DIRECTIONS ▸ Take the line with "红钻幕后高管首次露面 深圳足球模式尚需检验" and every line after it in the data. Transcribe them exactly, through the last.

EXTRACTED MATERIAL ▸
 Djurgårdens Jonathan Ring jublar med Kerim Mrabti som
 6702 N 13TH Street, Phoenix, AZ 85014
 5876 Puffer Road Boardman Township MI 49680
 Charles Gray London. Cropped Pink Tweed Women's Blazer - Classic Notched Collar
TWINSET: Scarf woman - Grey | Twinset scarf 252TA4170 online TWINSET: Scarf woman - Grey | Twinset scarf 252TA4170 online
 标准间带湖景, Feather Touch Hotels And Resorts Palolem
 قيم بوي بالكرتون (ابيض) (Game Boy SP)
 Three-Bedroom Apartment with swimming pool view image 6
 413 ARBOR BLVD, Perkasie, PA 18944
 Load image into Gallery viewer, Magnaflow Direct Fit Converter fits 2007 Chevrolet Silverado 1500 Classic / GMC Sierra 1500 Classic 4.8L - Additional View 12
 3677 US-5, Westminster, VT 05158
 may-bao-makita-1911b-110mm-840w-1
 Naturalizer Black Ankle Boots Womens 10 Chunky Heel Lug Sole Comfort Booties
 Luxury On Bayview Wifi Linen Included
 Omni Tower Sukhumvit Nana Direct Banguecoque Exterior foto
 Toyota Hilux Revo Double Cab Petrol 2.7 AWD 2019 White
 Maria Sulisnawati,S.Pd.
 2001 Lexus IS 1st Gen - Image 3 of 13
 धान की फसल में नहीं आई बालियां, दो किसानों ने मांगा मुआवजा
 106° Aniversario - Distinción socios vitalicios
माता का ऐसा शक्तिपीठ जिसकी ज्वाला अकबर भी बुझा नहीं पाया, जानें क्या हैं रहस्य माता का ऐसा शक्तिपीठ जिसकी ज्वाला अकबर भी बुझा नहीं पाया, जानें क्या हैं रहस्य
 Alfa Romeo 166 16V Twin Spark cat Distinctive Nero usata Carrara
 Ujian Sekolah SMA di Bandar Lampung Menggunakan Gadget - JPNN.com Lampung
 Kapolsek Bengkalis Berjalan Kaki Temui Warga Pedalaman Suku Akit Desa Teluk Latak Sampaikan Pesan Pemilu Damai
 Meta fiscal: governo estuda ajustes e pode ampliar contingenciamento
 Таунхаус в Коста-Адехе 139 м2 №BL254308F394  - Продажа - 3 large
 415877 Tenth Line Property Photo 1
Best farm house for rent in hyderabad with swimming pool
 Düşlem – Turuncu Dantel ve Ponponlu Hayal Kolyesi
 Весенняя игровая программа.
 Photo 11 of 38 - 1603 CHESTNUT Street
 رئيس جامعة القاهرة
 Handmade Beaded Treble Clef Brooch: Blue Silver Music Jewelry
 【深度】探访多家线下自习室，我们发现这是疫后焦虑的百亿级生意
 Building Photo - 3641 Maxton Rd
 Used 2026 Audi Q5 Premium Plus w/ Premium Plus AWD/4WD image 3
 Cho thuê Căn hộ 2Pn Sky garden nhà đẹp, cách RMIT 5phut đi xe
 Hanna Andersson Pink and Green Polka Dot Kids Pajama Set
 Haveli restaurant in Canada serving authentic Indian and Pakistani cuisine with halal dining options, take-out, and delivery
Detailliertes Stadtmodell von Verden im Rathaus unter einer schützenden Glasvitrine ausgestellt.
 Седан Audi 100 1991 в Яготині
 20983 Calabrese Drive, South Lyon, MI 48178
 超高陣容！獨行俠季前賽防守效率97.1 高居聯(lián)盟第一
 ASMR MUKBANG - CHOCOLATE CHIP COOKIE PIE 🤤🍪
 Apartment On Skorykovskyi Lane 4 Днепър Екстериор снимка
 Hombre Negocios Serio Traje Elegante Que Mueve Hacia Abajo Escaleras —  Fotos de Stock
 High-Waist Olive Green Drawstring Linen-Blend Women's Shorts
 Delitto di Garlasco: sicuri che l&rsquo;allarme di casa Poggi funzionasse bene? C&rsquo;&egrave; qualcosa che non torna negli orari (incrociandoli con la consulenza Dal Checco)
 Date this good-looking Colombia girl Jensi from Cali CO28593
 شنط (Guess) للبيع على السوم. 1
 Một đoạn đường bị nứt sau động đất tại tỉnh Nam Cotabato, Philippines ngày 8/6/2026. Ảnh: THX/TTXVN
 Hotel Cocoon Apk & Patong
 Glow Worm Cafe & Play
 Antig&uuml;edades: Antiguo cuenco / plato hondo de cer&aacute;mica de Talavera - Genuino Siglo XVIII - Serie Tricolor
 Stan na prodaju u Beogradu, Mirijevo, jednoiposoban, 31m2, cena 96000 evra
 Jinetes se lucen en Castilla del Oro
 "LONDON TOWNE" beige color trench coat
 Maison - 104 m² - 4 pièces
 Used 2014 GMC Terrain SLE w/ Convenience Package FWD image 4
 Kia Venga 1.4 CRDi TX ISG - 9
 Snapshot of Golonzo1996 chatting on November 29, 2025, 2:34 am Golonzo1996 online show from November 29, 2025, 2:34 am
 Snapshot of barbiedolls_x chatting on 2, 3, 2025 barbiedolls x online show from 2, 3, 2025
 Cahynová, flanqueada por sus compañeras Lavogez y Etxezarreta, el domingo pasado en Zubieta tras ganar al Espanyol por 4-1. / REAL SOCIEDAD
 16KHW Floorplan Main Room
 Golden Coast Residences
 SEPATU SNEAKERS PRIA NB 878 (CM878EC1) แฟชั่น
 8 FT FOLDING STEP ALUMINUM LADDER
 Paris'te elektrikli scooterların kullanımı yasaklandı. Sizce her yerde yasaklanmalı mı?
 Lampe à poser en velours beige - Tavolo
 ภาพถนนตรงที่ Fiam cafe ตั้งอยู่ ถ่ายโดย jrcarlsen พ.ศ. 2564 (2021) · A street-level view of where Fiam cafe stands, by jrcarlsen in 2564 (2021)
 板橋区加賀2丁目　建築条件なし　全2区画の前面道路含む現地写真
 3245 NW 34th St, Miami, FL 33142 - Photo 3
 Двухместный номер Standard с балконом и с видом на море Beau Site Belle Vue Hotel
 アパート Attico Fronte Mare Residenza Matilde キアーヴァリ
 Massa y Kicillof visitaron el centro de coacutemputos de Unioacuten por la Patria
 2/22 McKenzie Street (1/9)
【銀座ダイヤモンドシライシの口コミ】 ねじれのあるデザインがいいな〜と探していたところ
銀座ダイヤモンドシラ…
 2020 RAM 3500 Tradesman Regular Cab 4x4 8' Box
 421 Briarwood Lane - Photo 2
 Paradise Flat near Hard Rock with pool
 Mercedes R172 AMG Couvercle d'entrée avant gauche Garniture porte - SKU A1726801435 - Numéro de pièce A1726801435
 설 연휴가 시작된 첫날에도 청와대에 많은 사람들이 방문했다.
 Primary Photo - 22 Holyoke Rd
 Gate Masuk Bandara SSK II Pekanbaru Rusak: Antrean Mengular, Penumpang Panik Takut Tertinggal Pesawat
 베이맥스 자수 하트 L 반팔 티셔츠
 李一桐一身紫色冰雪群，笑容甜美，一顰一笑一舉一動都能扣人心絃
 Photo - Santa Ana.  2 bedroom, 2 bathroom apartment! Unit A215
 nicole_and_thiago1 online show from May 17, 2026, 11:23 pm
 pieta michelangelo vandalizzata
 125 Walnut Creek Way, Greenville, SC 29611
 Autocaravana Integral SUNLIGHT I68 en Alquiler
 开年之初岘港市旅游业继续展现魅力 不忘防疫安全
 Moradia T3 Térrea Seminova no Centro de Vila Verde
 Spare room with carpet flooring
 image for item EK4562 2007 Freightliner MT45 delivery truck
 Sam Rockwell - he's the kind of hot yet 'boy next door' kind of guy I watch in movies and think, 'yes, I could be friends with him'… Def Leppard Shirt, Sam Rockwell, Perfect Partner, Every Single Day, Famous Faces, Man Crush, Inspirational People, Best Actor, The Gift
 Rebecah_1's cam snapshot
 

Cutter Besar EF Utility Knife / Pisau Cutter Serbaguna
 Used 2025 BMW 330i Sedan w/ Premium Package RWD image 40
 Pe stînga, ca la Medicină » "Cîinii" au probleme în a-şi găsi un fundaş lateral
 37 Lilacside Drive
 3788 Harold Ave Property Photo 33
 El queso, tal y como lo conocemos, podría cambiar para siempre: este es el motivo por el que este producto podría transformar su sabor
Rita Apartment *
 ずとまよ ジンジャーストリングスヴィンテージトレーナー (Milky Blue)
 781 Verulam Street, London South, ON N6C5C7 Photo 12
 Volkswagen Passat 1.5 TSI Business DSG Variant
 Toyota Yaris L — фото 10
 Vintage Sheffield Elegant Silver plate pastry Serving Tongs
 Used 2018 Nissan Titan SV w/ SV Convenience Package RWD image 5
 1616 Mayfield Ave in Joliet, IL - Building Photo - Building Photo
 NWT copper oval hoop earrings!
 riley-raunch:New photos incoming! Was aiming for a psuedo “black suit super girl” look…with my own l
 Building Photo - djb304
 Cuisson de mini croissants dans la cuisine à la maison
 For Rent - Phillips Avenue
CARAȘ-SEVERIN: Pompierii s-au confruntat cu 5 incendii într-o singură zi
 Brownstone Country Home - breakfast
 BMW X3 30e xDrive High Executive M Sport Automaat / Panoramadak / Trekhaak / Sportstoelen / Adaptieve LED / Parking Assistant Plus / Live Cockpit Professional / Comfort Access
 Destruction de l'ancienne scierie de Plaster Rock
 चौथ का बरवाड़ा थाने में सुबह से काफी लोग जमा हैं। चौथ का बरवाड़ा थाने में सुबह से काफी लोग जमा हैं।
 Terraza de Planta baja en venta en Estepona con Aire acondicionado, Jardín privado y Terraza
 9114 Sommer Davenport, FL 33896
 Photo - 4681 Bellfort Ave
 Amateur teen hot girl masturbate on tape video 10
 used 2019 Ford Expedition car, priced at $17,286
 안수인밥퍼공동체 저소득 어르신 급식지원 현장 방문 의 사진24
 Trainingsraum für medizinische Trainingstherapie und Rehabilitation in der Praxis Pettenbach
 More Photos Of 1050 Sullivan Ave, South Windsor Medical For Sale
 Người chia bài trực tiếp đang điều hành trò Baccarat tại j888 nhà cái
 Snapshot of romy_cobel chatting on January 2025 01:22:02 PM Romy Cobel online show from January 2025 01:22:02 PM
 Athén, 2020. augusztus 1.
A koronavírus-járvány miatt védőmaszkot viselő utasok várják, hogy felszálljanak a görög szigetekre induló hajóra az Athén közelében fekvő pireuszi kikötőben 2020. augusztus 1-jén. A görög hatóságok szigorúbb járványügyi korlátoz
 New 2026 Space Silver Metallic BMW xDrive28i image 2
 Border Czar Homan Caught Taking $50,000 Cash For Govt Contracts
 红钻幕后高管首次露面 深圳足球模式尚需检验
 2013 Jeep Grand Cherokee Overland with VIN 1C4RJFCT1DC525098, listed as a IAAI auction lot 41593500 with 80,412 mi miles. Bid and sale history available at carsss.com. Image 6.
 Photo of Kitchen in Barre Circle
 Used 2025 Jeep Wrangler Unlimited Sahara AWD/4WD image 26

ANSWER BOX ▸
 红钻幕后高管首次露面 深圳足球模式尚需检验
 2013 Jeep Grand Cherokee Overland with VIN 1C4RJFCT1DC525098, listed as a IAAI auction lot 41593500 with 80,412 mi miles. Bid and sale history available at carsss.com. Image 6.
 Photo of Kitchen in Barre Circle
 Used 2025 Jeep Wrangler Unlimited Sahara AWD/4WD image 26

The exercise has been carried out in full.